--- Source material ---

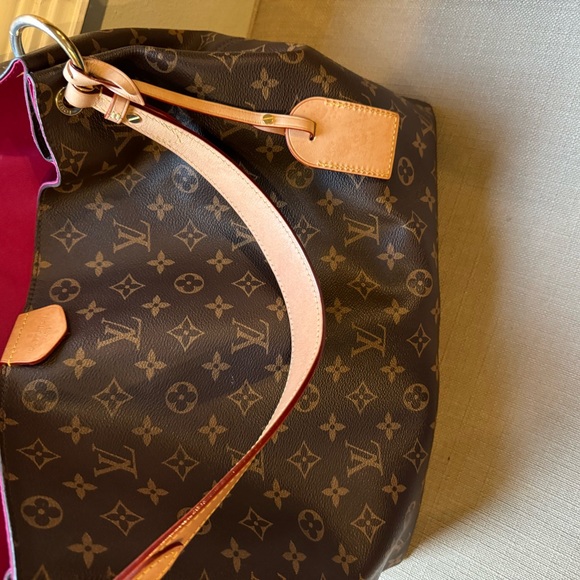 LV Authentic Graceful MM hobo style like new with matching wallet. - Picture 4 of 10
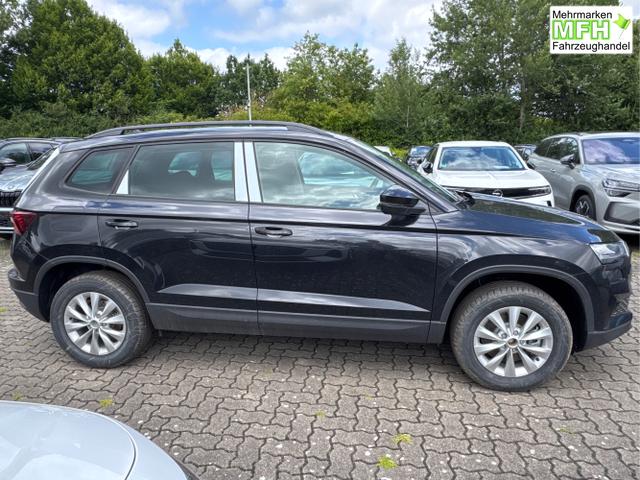 Skoda / Karoq / Schwarz / / / AHK+el.HECKKLAPPE+KAMERA+PDC+ACC, Bei den verwendeten Bildern kann es sich um Beispielbilder handeln, ggf. teilweise mit Sonderausstattung.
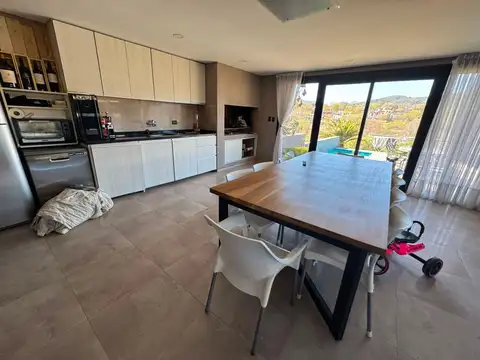 Casa 4 ambientes con 3 baños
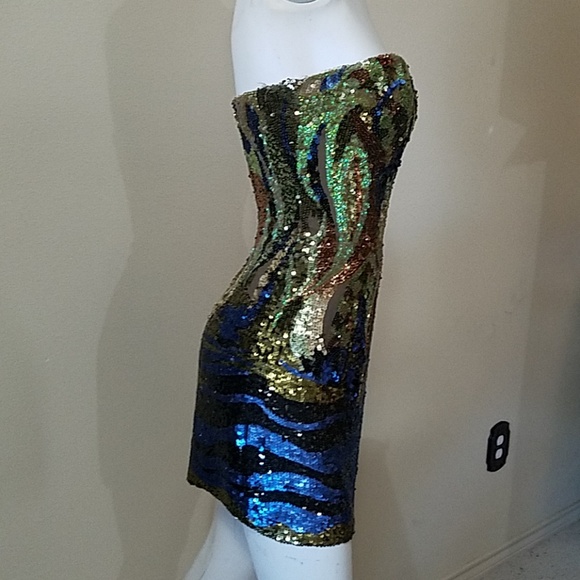 Sexy Dress - Picture 3 of 8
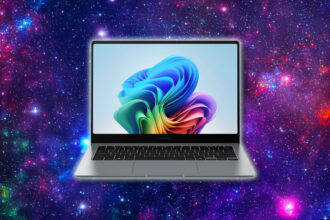 Save a huge $300 on this gorgeous, slimline Samsung Galaxy Book5 Pro OLED laptop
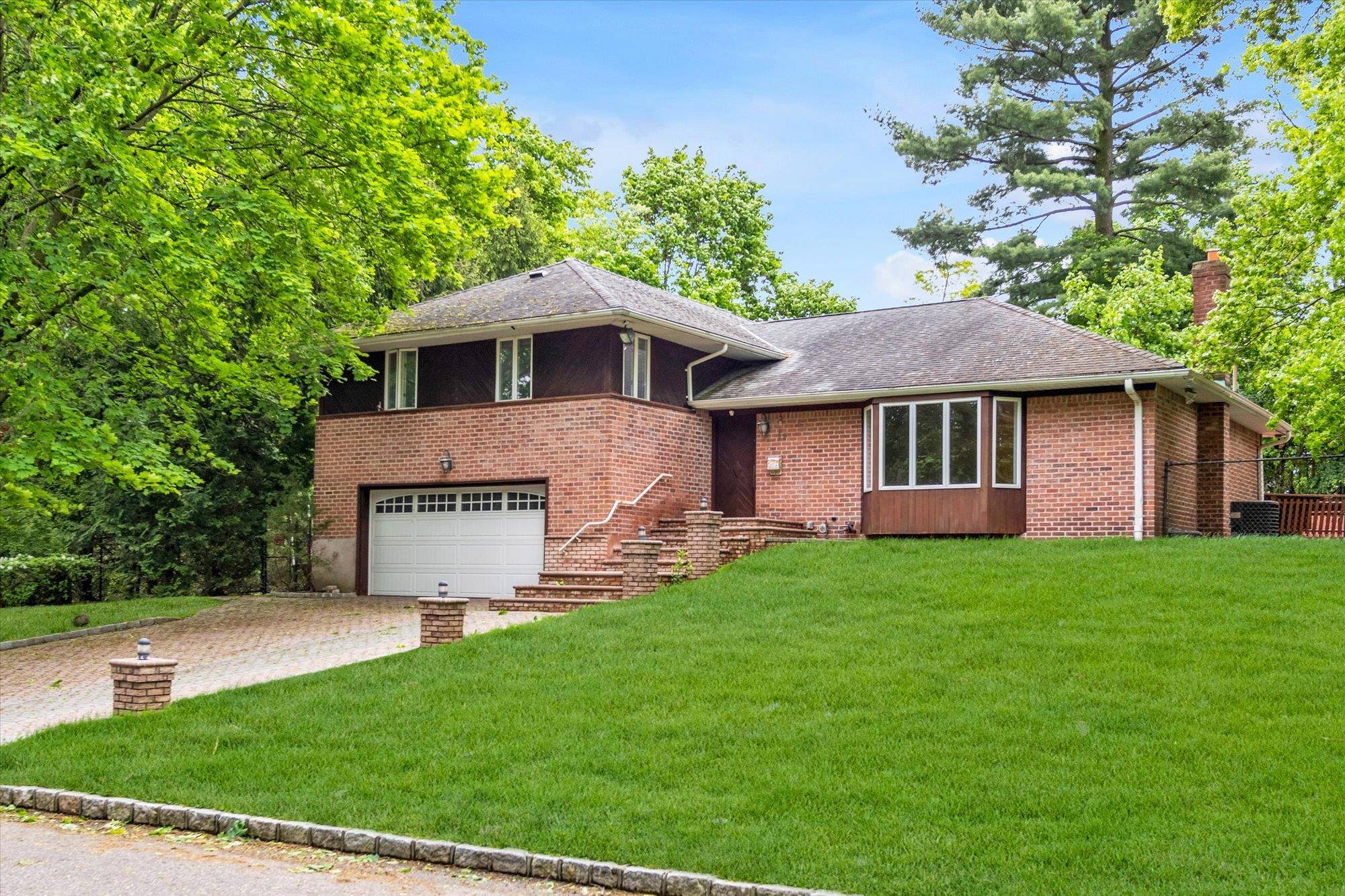 Roslyn, NY 11576,22 Junard DR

---

Pictures are to be left out while the lines from the beginning of the records through the line with "Sexy Dress - Picture 3 of 8" are copied word for word.

 LV Authentic Graceful MM hobo style like new with matching wallet. - Picture 4 of 10
 Skoda / Karoq / Schwarz / / / AHK+el.HECKKLAPPE+KAMERA+PDC+ACC, Bei den verwendeten Bildern kann es sich um Beispielbilder handeln, ggf. teilweise mit Sonderausstattung.
 Casa 4 ambientes con 3 baños
 Sexy Dress - Picture 3 of 8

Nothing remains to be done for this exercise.